The listing below must be duplicated in full, with nothing altered.

DATA SHOWN:
* * *
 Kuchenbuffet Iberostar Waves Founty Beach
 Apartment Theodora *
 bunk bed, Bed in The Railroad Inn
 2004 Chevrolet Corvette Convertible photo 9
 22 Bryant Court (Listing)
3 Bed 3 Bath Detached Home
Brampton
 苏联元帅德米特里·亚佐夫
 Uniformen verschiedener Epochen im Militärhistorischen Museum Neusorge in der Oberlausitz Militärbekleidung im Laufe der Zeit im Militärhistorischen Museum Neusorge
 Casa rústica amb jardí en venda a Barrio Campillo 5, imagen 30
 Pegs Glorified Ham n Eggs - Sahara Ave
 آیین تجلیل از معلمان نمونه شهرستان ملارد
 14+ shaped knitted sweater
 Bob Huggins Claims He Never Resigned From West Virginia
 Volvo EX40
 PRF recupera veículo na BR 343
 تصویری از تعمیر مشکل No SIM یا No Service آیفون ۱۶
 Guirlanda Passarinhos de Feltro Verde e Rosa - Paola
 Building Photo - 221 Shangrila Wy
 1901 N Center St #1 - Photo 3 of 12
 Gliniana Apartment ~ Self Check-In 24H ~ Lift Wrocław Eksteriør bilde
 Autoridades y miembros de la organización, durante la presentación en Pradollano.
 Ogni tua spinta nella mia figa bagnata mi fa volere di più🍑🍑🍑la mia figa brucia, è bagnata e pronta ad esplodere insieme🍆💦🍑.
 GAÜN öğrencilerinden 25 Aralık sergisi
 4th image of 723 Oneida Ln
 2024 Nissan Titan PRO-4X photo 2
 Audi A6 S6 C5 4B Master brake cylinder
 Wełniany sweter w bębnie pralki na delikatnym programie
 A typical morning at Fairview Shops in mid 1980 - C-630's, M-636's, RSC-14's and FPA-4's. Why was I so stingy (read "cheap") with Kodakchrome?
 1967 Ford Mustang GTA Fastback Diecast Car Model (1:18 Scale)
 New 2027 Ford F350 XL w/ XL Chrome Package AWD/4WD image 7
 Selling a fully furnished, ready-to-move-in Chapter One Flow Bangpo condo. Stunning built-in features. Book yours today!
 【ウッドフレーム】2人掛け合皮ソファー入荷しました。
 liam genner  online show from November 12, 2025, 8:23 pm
* * *
TASK OUTPUT:
 Kuchenbuffet Iberostar Waves Founty Beach
 Apartment Theodora *
 bunk bed, Bed in The Railroad Inn
 2004 Chevrolet Corvette Convertible photo 9
 22 Bryant Court (Listing)
3 Bed 3 Bath Detached Home
Brampton
 苏联元帅德米特里·亚佐夫
 Uniformen verschiedener Epochen im Militärhistorischen Museum Neusorge in der Oberlausitz Militärbekleidung im Laufe der Zeit im Militärhistorischen Museum Neusorge
 Casa rústica amb jardí en venda a Barrio Campillo 5, imagen 30
 Pegs Glorified Ham n Eggs - Sahara Ave
 آیین تجلیل از معلمان نمونه شهرستان ملارد
 14+ shaped knitted sweater
 Bob Huggins Claims He Never Resigned From West Virginia
 Volvo EX40
 PRF recupera veículo na BR 343
 تصویری از تعمیر مشکل No SIM یا No Service آیفون ۱۶
 Guirlanda Passarinhos de Feltro Verde e Rosa - Paola
 Building Photo - 221 Shangrila Wy
 1901 N Center St #1 - Photo 3 of 12
 Gliniana Apartment ~ Self Check-In 24H ~ Lift Wrocław Eksteriør bilde
 Autoridades y miembros de la organización, durante la presentación en Pradollano.
 Ogni tua spinta nella mia figa bagnata mi fa volere di più🍑🍑🍑la mia figa brucia, è bagnata e pronta ad esplodere insieme🍆💦🍑.
 GAÜN öğrencilerinden 25 Aralık sergisi
 4th image of 723 Oneida Ln
 2024 Nissan Titan PRO-4X photo 2
 Audi A6 S6 C5 4B Master brake cylinder
 Wełniany sweter w bębnie pralki na delikatnym programie
 A typical morning at Fairview Shops in mid 1980 - C-630's, M-636's, RSC-14's and FPA-4's. Why was I so stingy (read "cheap") with Kodakchrome?
 1967 Ford Mustang GTA Fastback Diecast Car Model (1:18 Scale)
 New 2027 Ford F350 XL w/ XL Chrome Package AWD/4WD image 7
 Selling a fully furnished, ready-to-move-in Chapter One Flow Bangpo condo. Stunning built-in features. Book yours today!
 【ウッドフレーム】2人掛け合皮ソファー入荷しました。
 liam genner  online show from November 12, 2025, 8:23 pm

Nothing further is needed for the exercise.